— Requirement —
Everything below from the line with "MBL INSERT PLQ" through the line with "Neutraal Groen Bearly" should be copied exactly, and nothing else; leave out the pictures.

— Task data —
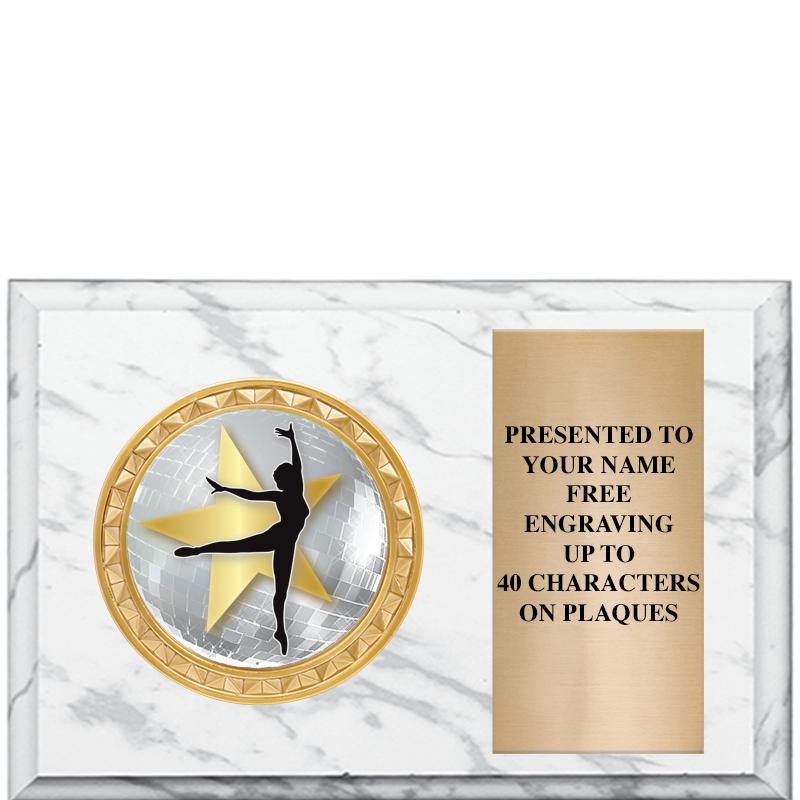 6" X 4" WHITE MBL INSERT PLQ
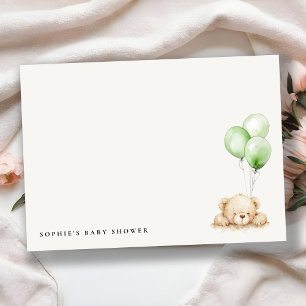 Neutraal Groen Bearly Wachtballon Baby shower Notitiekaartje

==

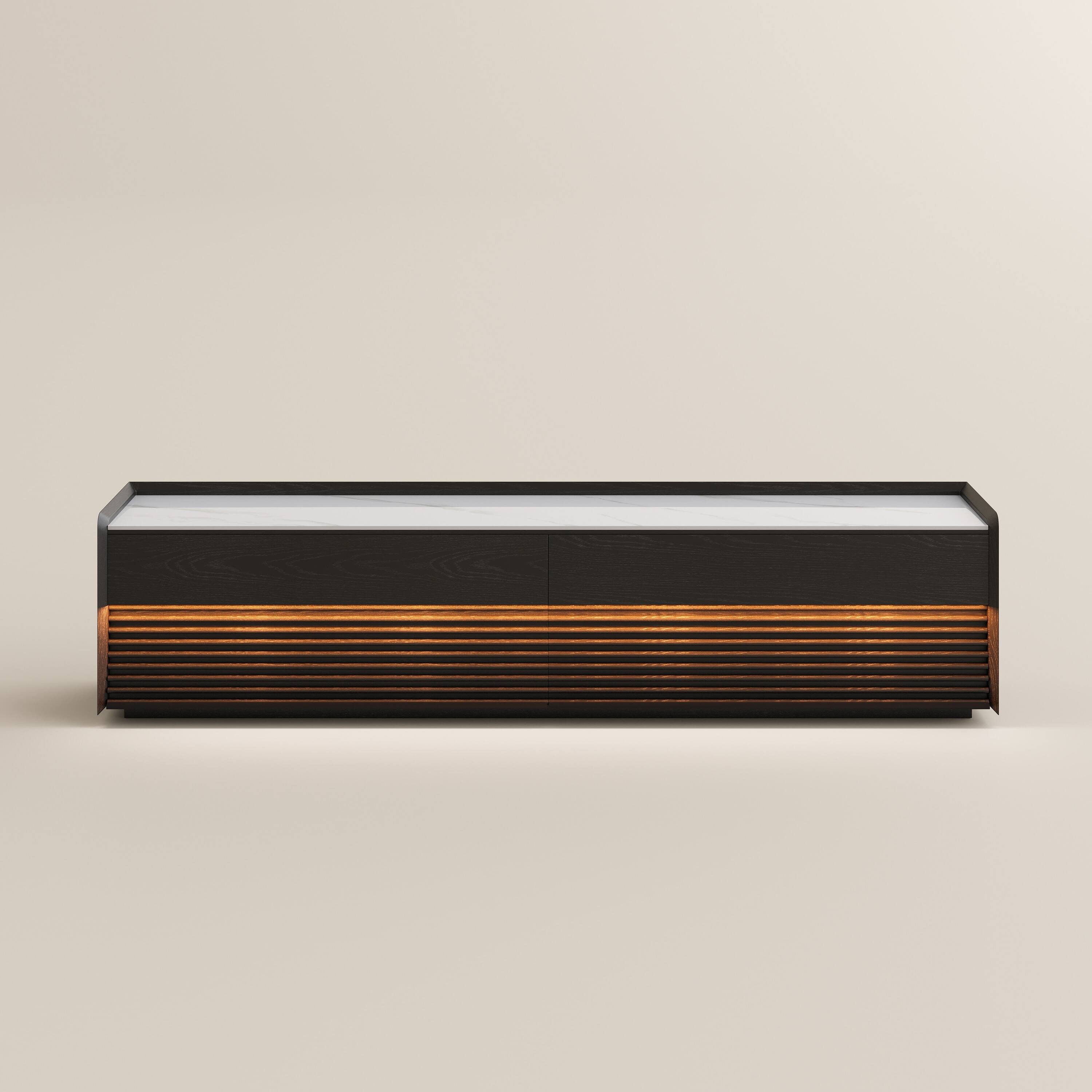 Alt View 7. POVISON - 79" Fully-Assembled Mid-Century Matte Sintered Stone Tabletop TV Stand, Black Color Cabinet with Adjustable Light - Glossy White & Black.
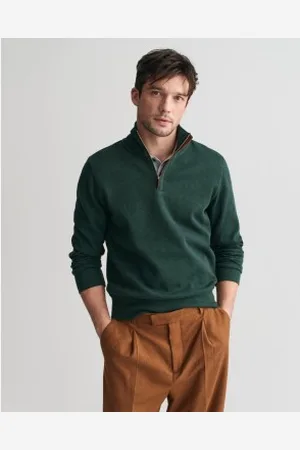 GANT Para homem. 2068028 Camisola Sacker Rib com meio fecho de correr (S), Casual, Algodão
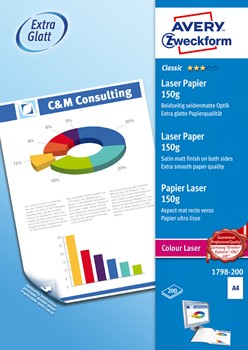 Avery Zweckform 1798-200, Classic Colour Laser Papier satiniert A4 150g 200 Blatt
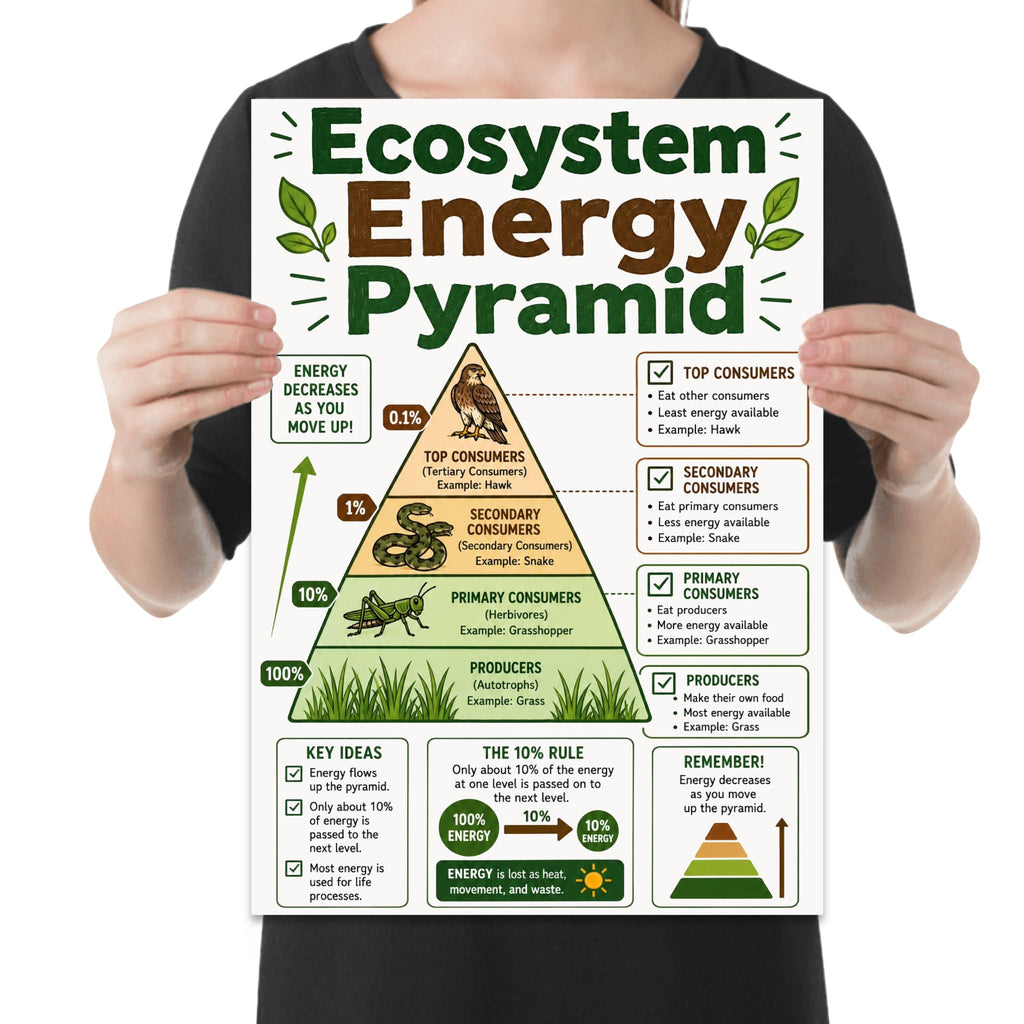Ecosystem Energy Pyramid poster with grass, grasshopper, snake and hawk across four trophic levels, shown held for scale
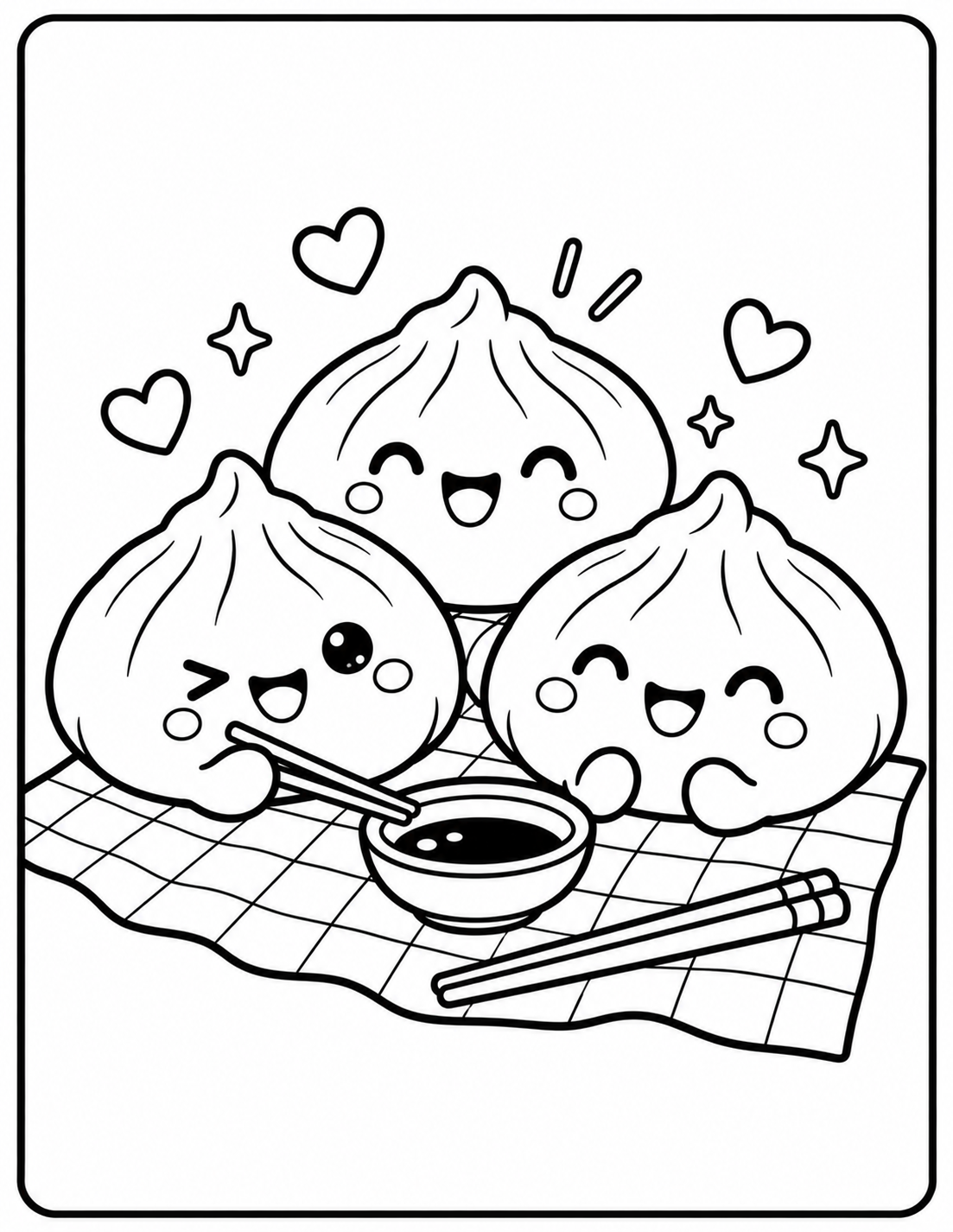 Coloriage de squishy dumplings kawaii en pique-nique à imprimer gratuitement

— Output for this task —
 6" X 4" WHITE MBL INSERT PLQ
 Neutraal Groen Bearly Wachtballon Baby shower Notitiekaartje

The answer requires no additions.